In preparation for the stable release, we've begun to publish alpha builds of Vitess v2.0.0. Some highlights of what's new since our earlier post include:
- Using the final Kubernetes 1.0 API.
- Official Vitess client libraries in Java, Python, PHP, and Go.
- Java and Go clients use the new HTTP/2-based gRPC framework.
- Can now run on top of MySQL 5.6, in addition to MariaDB 10.0.
- New administrative dashboard built on AngularJS.

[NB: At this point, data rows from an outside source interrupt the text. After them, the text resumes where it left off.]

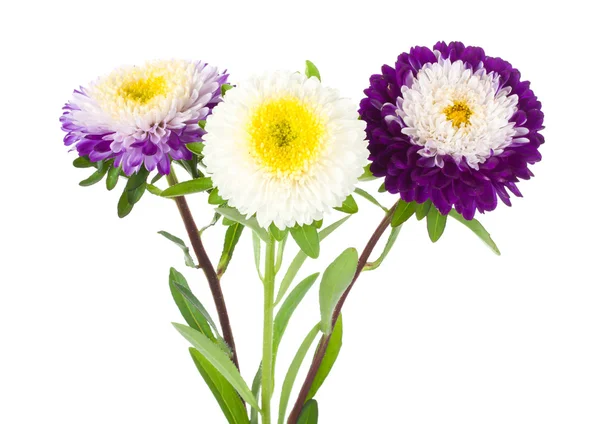 Tres aster blanco violeta — Foto de Stock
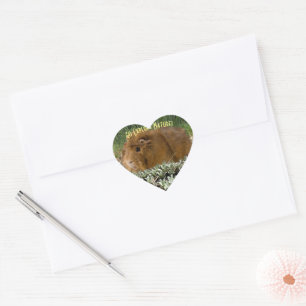 Cute Ginger Guinea Exploring Nature Photo Custom Heart Sticker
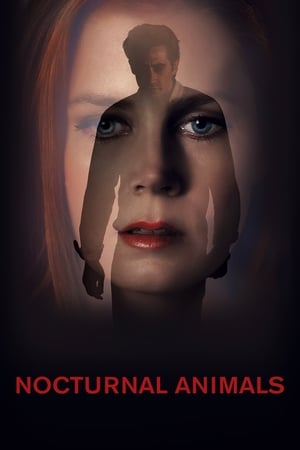 Nocturnal Animals (2016) Hindi Dual Audio 720p BluRay [1GB] HD Poster Download - filmyfly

- GTID-based reparenting for reversible, routine failovers.
- Simpler schema changes.
We've also been hard at work adding lots more documentation. In particular, the rest of this post will explore one of our new walkthroughs that demonstrates transparent resharding of a live database - that is, changing the number of shards without any code changes or noticeable downtime for the application.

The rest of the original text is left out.